Question

If we have the values as \[f\left( 0 \right)=1,f\left( 2 \right)=3,f'\left( 2 \right)=5\] and \[f'\left( 0 \right)\] is finite, then \[\int\limits_{0}^{1}{x.f''\left( 2x \right)dx}\] is equal to: -
(a) 0
(b) 1
(c) 2
(d) None of these

Answer 1

Hint: Apply integration by parts rule by assuming x as function 1 and \[f''\left( 2x \right)\] as function 2. Use the formula: - \[\int\limits_{a}^{b}{{{f}_{1}}\left( x \right).{{f}_{2}}\left( x \right)dx}=\left[ {{f}_{1}}\left( x \right).\int{{{f}_{2}}\left( x \right)dx} \right]_{a}^{b}-\int\limits_{a}^{b}{\left( \int{{{f}_{2}}\left( x \right)dx} \right).f_{1}^{'}\left( x \right)}\], where ‘b’ and ‘a’ are the upper and lower limits of the given integral respectively and \[f_{1}^{'}\left( x \right)=\dfrac{d\left[ {{f}_{1}}\left( x \right) \right]}{dx}\]. Now, apply the same integration by parts rule one more time and simplify the expression by substituting the limits.

Complete step-by-step solution
Here, we have been provided with the integral: - \[\int\limits_{0}^{1}{x.f''\left( 2x \right)dx}\] and we have to find its value with some given information.
Now, here we can see that we have a product of two functions x and \[f''\left( 2x \right)\], so we have to apply integration by parts method.

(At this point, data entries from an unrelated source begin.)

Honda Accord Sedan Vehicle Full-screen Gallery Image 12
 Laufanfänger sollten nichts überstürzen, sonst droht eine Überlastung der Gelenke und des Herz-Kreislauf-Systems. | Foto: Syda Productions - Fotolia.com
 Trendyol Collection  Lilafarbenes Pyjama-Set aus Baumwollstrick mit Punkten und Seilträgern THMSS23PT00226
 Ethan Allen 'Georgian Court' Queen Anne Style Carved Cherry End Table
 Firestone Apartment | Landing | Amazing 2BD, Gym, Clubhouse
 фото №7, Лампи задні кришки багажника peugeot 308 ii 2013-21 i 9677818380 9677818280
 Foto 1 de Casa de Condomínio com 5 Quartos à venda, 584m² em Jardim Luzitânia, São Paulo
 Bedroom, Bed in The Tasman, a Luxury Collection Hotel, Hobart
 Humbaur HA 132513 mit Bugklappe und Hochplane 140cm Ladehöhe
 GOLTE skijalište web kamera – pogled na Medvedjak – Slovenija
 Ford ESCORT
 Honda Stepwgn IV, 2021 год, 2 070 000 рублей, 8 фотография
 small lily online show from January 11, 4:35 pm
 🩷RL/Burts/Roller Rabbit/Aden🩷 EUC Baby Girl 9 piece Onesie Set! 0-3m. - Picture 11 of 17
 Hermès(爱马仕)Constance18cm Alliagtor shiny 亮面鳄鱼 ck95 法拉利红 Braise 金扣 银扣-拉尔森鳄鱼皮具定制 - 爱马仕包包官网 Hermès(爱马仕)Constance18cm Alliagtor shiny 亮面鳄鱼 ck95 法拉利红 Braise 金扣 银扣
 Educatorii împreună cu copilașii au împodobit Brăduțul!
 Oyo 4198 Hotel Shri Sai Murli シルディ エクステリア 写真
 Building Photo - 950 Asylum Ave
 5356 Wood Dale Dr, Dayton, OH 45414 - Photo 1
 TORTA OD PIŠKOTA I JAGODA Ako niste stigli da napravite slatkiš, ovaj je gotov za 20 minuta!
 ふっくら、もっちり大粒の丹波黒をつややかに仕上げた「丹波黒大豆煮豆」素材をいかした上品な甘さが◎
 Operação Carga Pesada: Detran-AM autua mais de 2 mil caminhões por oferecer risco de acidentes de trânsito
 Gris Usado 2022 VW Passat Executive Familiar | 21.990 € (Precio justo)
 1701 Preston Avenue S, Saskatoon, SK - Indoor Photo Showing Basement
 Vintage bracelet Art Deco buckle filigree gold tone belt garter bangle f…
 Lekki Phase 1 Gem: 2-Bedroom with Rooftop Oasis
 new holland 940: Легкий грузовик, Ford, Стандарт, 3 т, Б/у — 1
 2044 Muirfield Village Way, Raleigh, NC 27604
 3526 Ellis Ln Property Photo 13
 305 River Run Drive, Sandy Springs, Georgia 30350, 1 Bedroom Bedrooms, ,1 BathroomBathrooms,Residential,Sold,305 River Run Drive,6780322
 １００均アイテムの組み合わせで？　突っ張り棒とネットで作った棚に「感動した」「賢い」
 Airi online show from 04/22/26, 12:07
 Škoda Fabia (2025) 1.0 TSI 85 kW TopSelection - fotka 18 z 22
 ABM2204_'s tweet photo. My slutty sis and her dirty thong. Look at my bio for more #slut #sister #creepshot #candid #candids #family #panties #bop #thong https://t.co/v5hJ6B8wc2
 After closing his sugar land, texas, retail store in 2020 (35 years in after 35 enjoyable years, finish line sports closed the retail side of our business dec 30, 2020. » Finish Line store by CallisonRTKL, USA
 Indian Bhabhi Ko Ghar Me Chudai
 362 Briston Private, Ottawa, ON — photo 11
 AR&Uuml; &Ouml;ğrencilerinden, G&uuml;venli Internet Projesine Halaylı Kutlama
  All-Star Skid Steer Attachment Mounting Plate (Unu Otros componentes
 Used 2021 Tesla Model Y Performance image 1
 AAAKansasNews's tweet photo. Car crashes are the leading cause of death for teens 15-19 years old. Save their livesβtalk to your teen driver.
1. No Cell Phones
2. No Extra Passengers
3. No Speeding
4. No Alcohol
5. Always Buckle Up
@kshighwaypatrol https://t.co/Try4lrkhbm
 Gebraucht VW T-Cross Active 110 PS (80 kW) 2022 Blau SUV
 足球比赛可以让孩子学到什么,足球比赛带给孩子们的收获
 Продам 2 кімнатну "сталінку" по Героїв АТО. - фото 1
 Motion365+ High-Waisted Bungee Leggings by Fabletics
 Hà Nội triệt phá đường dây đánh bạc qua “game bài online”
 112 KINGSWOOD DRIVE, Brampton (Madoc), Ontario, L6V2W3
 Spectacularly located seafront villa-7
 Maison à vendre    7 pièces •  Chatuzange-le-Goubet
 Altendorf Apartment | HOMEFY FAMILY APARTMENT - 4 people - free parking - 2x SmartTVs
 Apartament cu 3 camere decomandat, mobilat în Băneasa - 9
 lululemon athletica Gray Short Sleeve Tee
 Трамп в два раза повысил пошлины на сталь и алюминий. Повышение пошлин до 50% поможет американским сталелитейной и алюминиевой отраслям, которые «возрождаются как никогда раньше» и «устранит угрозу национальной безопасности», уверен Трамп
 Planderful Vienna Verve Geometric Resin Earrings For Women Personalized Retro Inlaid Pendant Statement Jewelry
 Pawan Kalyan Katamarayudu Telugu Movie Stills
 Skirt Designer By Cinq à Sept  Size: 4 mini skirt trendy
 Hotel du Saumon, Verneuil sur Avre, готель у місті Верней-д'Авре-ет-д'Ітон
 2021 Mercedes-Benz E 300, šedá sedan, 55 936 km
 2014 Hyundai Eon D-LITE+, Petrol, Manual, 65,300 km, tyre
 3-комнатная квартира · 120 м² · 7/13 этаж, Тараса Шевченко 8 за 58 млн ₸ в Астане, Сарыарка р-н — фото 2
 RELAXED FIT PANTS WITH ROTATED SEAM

In this method we assume the two functions as function 1 (\[{{f}_{1}}\left( x \right)\]) and function 2 (\[{{f}_{2}}\left( x \right)\]) and apply the formula given as: - \[\Rightarrow \int\limits_{a}^{b}{{{f}_{1}}\left( x \right).{{f}_{2}}\left( x \right)dx}=\left[ {{f}_{1}}\left( x \right).\int{{{f}_{2}}\left( x \right)dx} \right]_{a}^{b}-\int\limits_{a}^{b}{\left( \int{{{f}_{2}}\left( x \right)dx} \right).f_{1}^{'}\left( x \right)}\], where ‘b’ and ‘a’ are lower and upper limits of the integral respectively and \[f_{1}^{'}\left( x \right)=\dfrac{d\left[ {{f}_{1}}\left( x \right) \right]}{dx}\].
Now, in the above question we have a product of x and \[f''\left( 2x \right)\] and we have been provided with the values of \[f'\left( 0 \right),f'\left( 2 \right),f\left( 0 \right)\] and \[f\left( 2 \right)\]. That means we have to integrate \[f''\left( 2x \right)\] so it must be assumed \[{{f}_{2}}\left( x \right)\]. Therefore, we have,
\[{{f}_{1}}\left( x \right)=x\] and \[{{f}_{2}}\left( x \right)=f''\left( 2x \right)\]
So, applying integration by parts rule, we have,
\[\Rightarrow \int\limits_{0}^{1}{x.f''\left( 2x \right)dx}=\left[ x.\int{f''\left( 2x \right)dx} \right]_{0}^{1}-\int{\left\{ \left( \int{f''\left( 2x \right)dx} \right).\dfrac{d\left[ x \right]}{dx} \right\}dx}\]
Here, we have \[f''\left( 2x \right)\] in which the coefficient of x is 2, so \[\int{f''\left( 2x \right)}=\dfrac{1}{2}\left[ f'\left( 2x \right) \right]\]. Therefore, we get,
\[\begin{align}
  & \Rightarrow \int\limits_{0}^{1}{x.f''\left( 2x \right)dx}=\left[ x\times \dfrac{1}{2}f'\left( 2x \right) \right]_{0}^{1}-\dfrac{1}{2}\int{\left( f'\left( 2x \right)\times 1 \right)dx} \\
 & \Rightarrow \int\limits_{0}^{1}{x.f''\left( 2x \right)dx}=\dfrac{1}{2}\times \left[ xf'\left( 2x \right) \right]_{0}^{1}-\dfrac{1}{2}\times \dfrac{1}{2}\left[ f\left( 2x \right) \right]_{0}^{1} \\
\end{align}\]
Substituting the limits we get,
\[\Rightarrow \int\limits_{0}^{1}{x.f''\left( 2x \right)dx}=\dfrac{1}{2}\left[ 1\times f'\left( 2 \right)-0\times f'\left( 0 \right) \right]-\dfrac{1}{4}\left[ f\left( 2 \right)-f\left( 0 \right) \right]\]
Substituting the given values of \[f\left( 0 \right),f\left( 2 \right)\] and \[f'\left( 2 \right)\], we get,
\[\begin{align}
  & \Rightarrow \int\limits_{0}^{1}{x.f''\left( 2x \right)dx}=\dfrac{1}{2}\left[ 5 \right]-\dfrac{1}{4}\times \left[ 3-1 \right] \\
 & \Rightarrow \int\limits_{0}^{1}{x.f''\left( 2x \right)dx}=2 \\
\end{align}\]
Hence, option (c) is the correct answer.

Note: One may note that here we cannot apply the ILATE rule for the integration by parts methods because we don’t know about the function \[f''\left( 2x \right)\]. So, we must check the given information in the question to get the answer. You must remember the integration by parts to solve the question because we don’t have any other method to find the integration of the product of two functions.